[Items from a dataset]
-------------------------

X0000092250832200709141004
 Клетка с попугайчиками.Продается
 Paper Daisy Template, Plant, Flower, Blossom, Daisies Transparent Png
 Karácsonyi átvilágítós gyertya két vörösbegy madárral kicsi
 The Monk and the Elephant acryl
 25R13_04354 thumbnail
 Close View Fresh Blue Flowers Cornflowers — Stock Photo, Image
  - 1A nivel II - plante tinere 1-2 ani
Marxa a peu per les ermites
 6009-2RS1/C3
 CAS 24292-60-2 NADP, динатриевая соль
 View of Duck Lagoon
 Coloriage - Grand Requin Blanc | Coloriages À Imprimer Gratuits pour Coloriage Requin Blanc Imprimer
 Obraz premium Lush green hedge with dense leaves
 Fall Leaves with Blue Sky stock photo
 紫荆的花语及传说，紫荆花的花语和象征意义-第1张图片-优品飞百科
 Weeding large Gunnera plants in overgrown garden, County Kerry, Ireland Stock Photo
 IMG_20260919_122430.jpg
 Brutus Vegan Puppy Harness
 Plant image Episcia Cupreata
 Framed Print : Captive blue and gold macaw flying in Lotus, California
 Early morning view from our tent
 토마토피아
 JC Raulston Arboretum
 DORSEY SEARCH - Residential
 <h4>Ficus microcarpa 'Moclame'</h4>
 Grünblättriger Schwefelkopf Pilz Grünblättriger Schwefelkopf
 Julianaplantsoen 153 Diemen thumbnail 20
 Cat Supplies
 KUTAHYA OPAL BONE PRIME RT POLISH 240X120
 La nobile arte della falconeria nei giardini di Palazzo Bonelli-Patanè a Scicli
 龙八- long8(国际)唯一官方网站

-------------------------

**EXERCISE DIRECTIONS**. Within the records above, the line carrying "Cat Supplies" starts the range and the last line ends it. Set down that range exactly.

**EXERCISE RESPONSE**.
 Cat Supplies
 KUTAHYA OPAL BONE PRIME RT POLISH 240X120
 La nobile arte della falconeria nei giardini di Palazzo Bonelli-Patanè a Scicli
 龙八- long8(国际)唯一官方网站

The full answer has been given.